We, the co-signers of this letter, ask that you do not appoint any board members in the future who would vote for an SCV license plate and appoint instead board members who will vote against such a plate, with or without Confederate symbols.
Both now and in the past the SCV promotes racism, pro-slavery ideology, anti-Semitism, neo-Confederate ideology, and condemns of the founder of the Republican Party, Abraham Lincoln, as being a communist. They advance such reprehensible and anti-democratic ideals chiefly through their periodicals Confederate Veteran, Southern Mercury, and their online store and merchandise catalogs.
This letter will give only a few examples of their extremist ideology. Additional material documenting their views will be found online at the blog website http://confederatelicenseplate.blogspot.com/.
The SCV has an educational foundation, the Foundation for the Preservation of American Culture, which published the Southern Mercury from 2003 to 2008, when the magazine ceased publication due to lack of funds.
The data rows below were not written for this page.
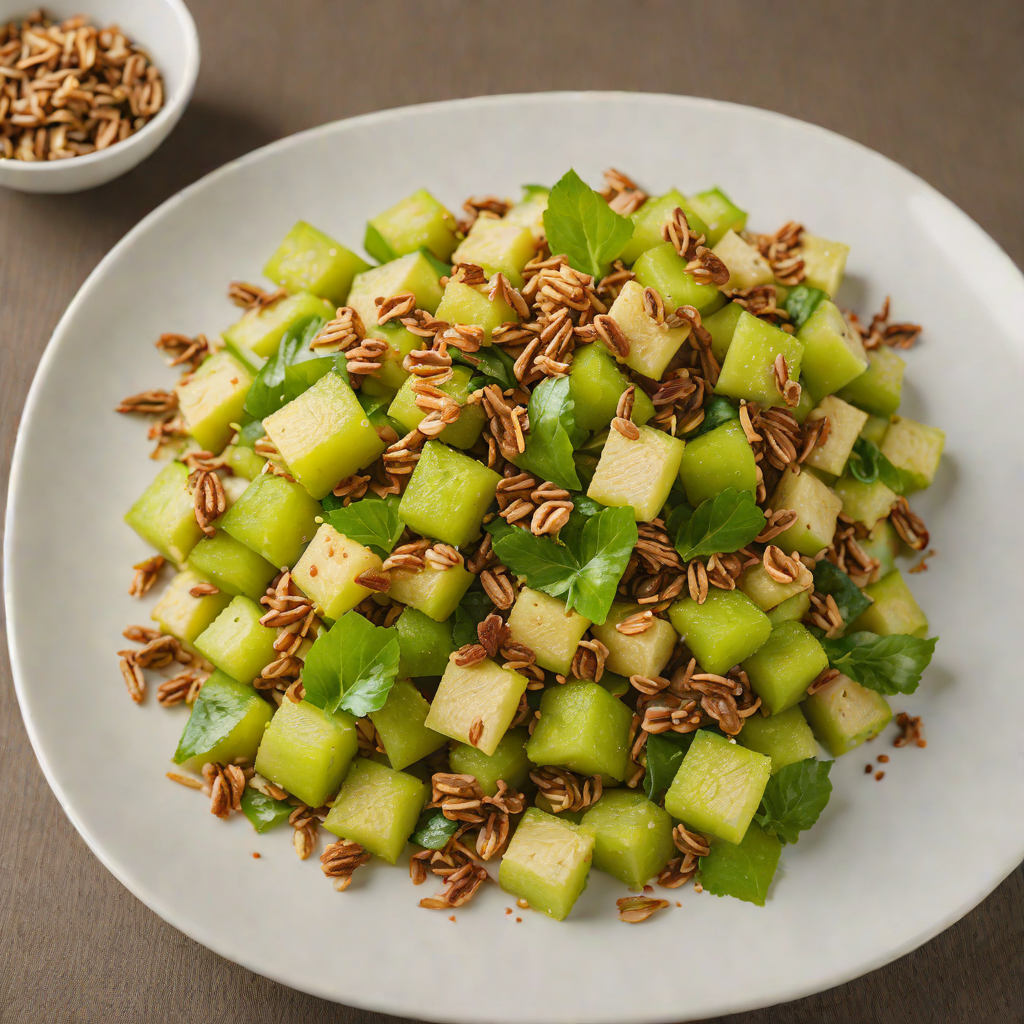 Stir-Fried Okinawan Bitter Melon with Tofu and Bonito Flakes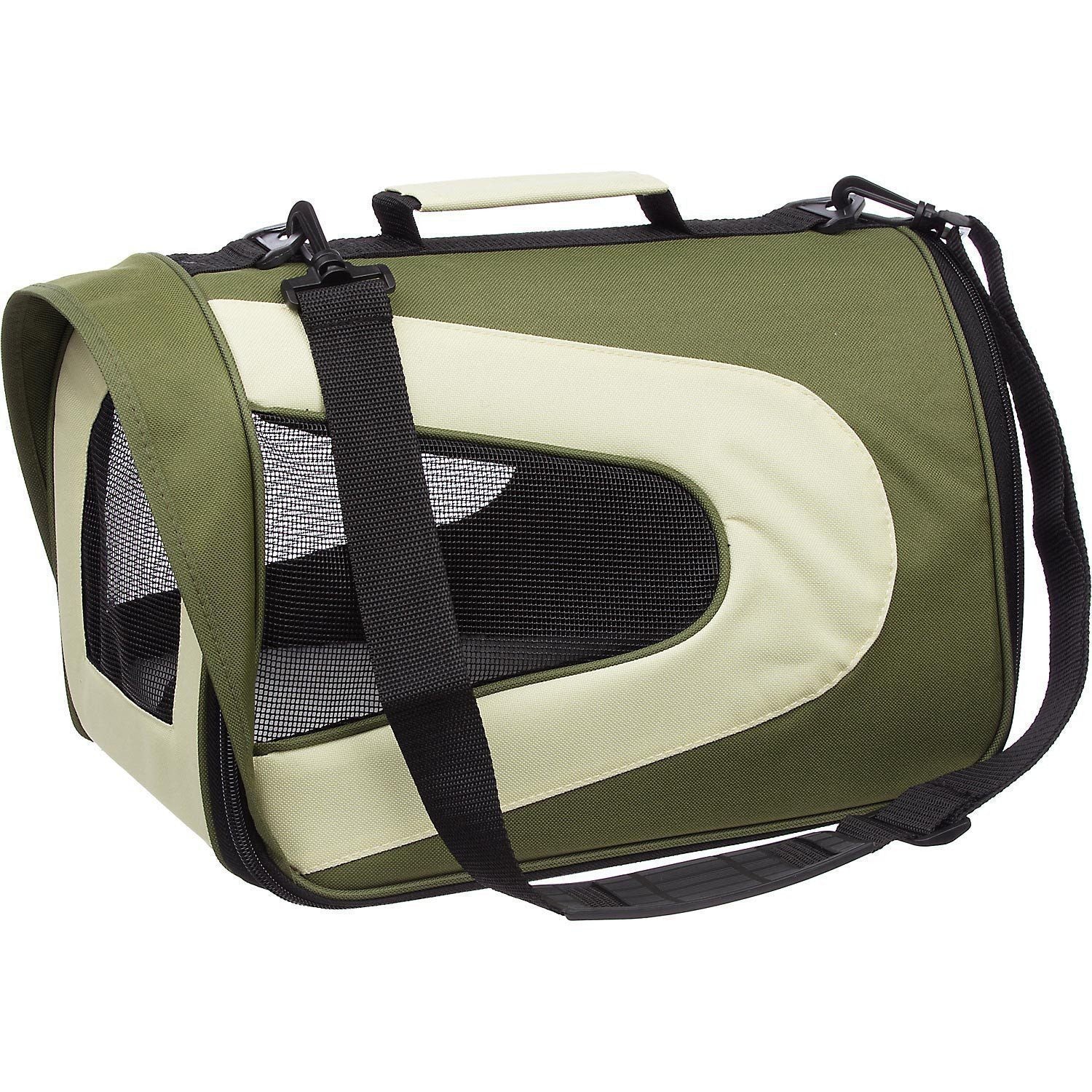 Pet Life ® Sporty Mesh Airline Approved Zippered Folding Collapsible Travel Pet Dog Carrier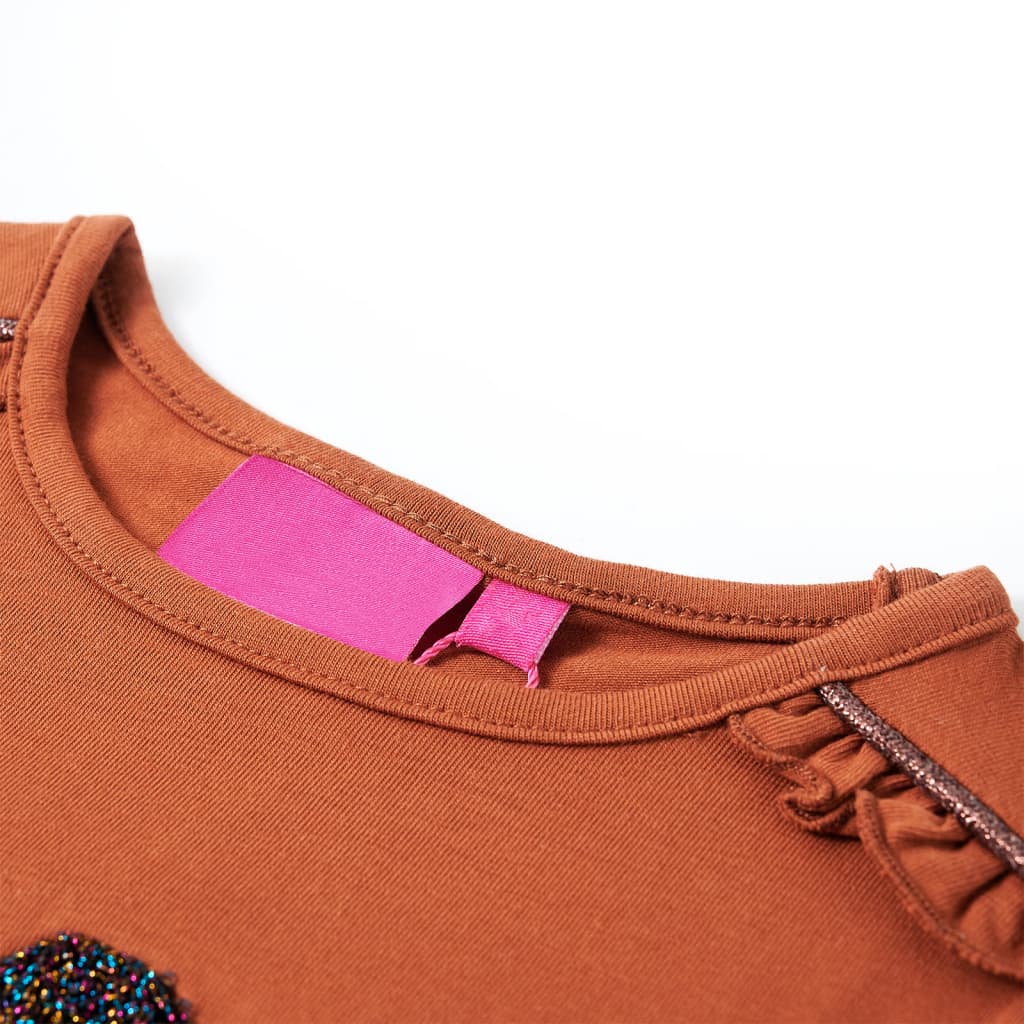 Tricou pentru copii cu mâneci lungi, coniac, 128 GartenMobel Dekor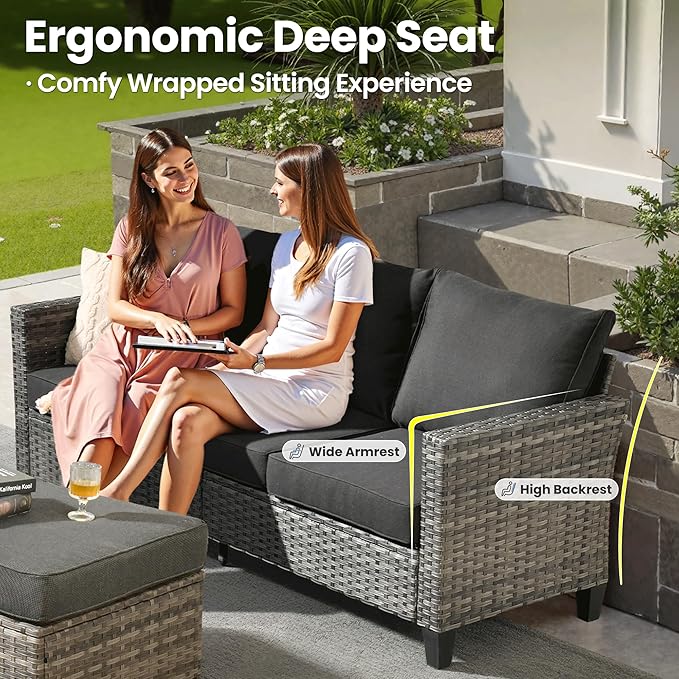ovios 7 Pieces Patio Furniture Set with 54" Fire Pit Table, Outdoor Wicker Sofa with Comfy Cushions, All Weather High Back Rattan Couch Conversation Set, Black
From the Southern Mercury you can assess what type of “educating” the SCV does and whether you, as governor, ought to support such views.
As the leader of the Republican Party in Texas, we think you would be interested in an appalling Southern Mercury article entitled, “Republican Party: Red From the Start,” by Alan Stang. Stang argues that the Republican Party was a Marxist conspiracy from its inception, writing that, “From the beginning, the Republican Party has been Red.” In addition, Lincoln is alleged to have been a communist who should have been killed by Robert E. Lee and Stonewall Jackson. Unfortunately, according to Stang, Lee and Jackson didn’t understand the threat Lincoln and the Republicans represented:
. . . Lee and Jackson did not fully comprehend what they were fighting. Had this really been a “Civil War,” rather than a secession, they would and could have easily seized Washington after Manassas and hanged our first Communist President and the other war criminals.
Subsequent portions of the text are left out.